Tuesday, September 30, 2014

better a handful with tranquillity

In the little summer cottage, freezing because summer is gone, I feed the fire with sticks and wrap myself in all the woollen things I can find. I make a mug of instant coffee. Then I power up my laptop and work for a couple of hours. The sea outside the window, the heat of the fire at my back. A job I actually enjoy (so rare in this world).

So I marvel at how lucky I am.

Then I worry a little bit. Because I always worry. But just a little, today.

Monday, September 29, 2014

taverns are no longer illicit, but

Much of this is still true:

"The Finns also have a bent for drink, even though there is no wine here whatsoever, except for illicit tavern keeping, which is harshly suppressed. But, all the way to St. Petersburg, the Finn will drink himself into forgetfulness, lose his money, horse, bridle, and return home poorer than a church rat."

Mikhail Saltykov-Shchedrin
Life's Little Things
(Saltykov-Shchedrin visited Finland in 1886)

Sunday, September 28, 2014

the not very relaxing summer in the spa

"I'm afraid we need you to pay for your room NOW, sir," I said in my coldest voice.

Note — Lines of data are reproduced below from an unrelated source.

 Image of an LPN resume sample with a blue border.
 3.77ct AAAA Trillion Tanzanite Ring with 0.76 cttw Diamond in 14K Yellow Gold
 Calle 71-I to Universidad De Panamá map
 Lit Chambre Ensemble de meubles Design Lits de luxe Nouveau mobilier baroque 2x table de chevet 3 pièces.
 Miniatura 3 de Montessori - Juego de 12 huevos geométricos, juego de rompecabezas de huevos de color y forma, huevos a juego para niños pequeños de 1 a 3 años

Actually, I didn't say "sir" because we don't do that here in Finland. That was one thing I knew, although the rest of the hotel business in Finland was still all new to me. Despite the fact that I had extensive experience of the hotel business in other countries, I was fairly sure there were things all the other receptionists knew and I was clueless about.

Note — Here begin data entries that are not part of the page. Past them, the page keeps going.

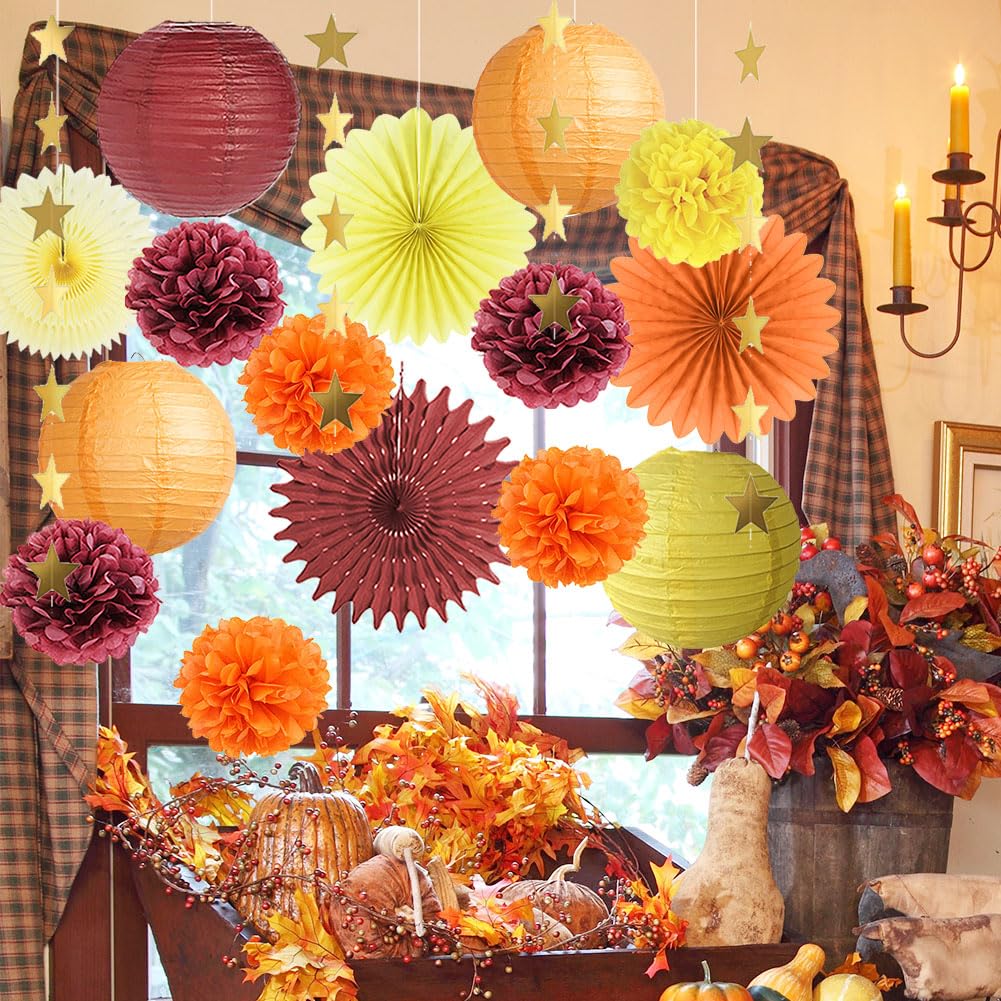 Orange and Burgundy Party Decorations Fall Party Decorations Orange Burgundy Yellow Paper Lanterns for Fall Baby Shower Bridal Shower Birthday Wedding Engagement Autumn Graduation Party Decor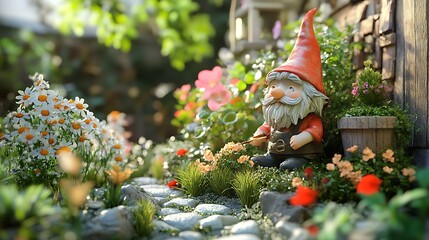 Gnome figurine in miniature garden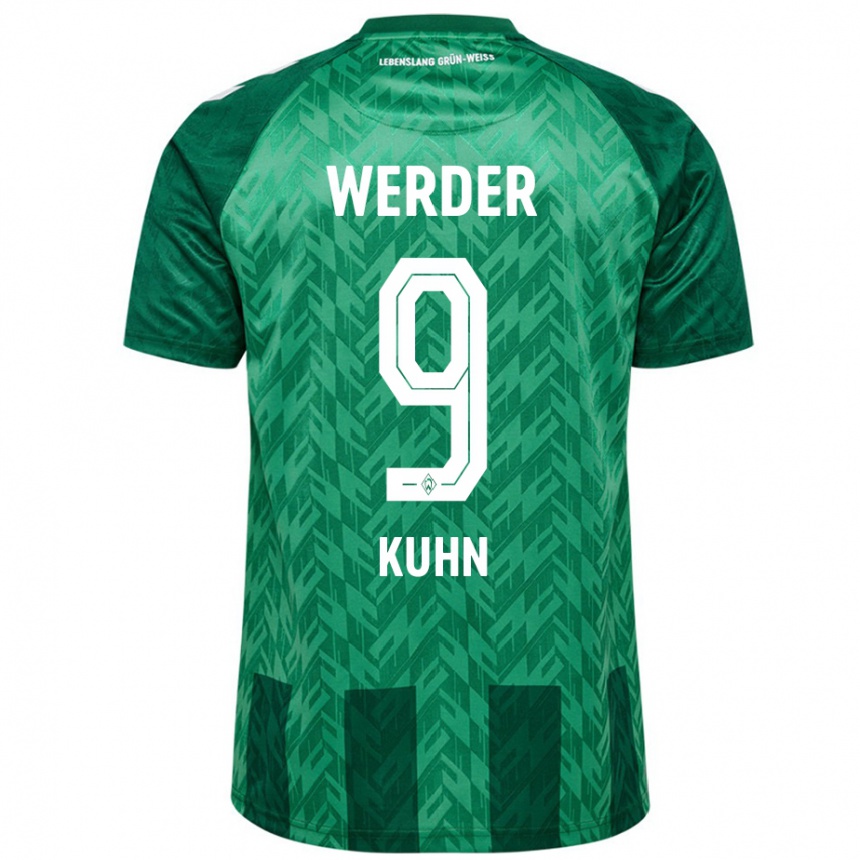 Enfant Football Maillot Philipp Kühn #9 Vert Tenues Domicile 2024/25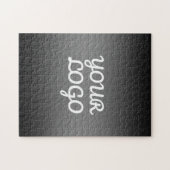 Uw Logo & Modern Donkergrijs bewerkbare kleur Ombr Legpuzzel (Horizontaal)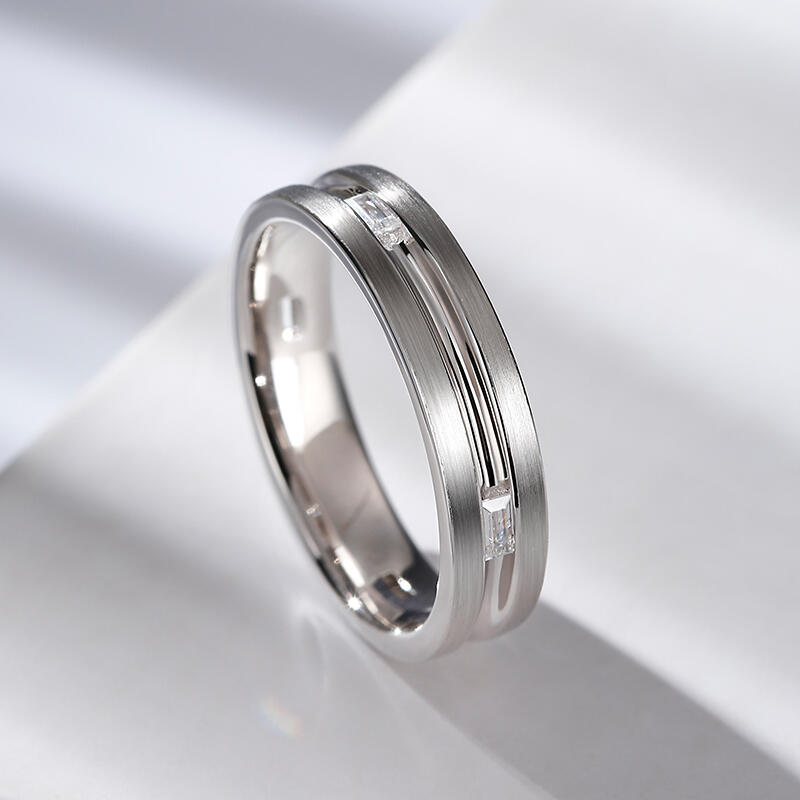 Jeulia Bague pour hommes 10K/14K/18K Or Platine Moissanite Alliance Coupe Émeraude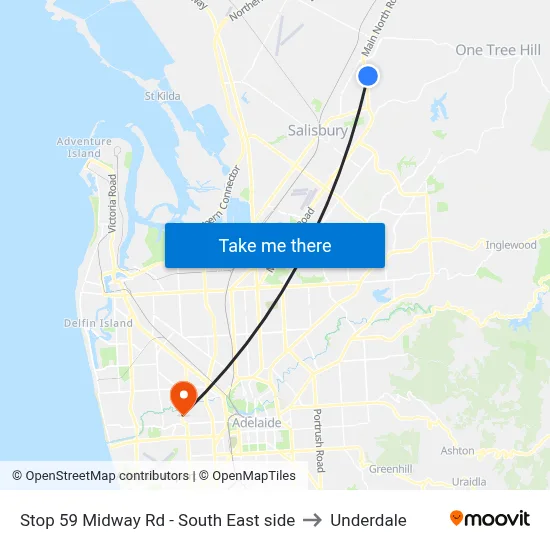 Stop 59 Midway Rd - South East side to Underdale map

And it wasn't only because I had only ever done this job in English-speaking countries and now had to learn (quickly) to do it in both Finnish and Swedish. Being a hotel receptionist is never easy. For every new workplace, you have to learn how to manage bookings and payments and several different computer systems, know all the rooms, restaurant menus and members of staff, act as private secretary to the boss, and be able to provide information about everything from package deals to local tourist sites to where deliveries should be stored to evacuation plans in case of fire.

All this after just a few days of on-the-job training by other receptionists who are often too busy to show you how things are done properly.

At least boredom is seldom one of the challenges.

Things I was still clueless about in this spa hotel included regulations and laws for this business. In Finland, there are lots of laws about everything. I wouldn't have been surprised to find I was the first employee who had not gone to hotel management school, and sometimes suspected I wasn't really supposed to be behind that reception desk at all. But I had never lied about it, and yet there I was.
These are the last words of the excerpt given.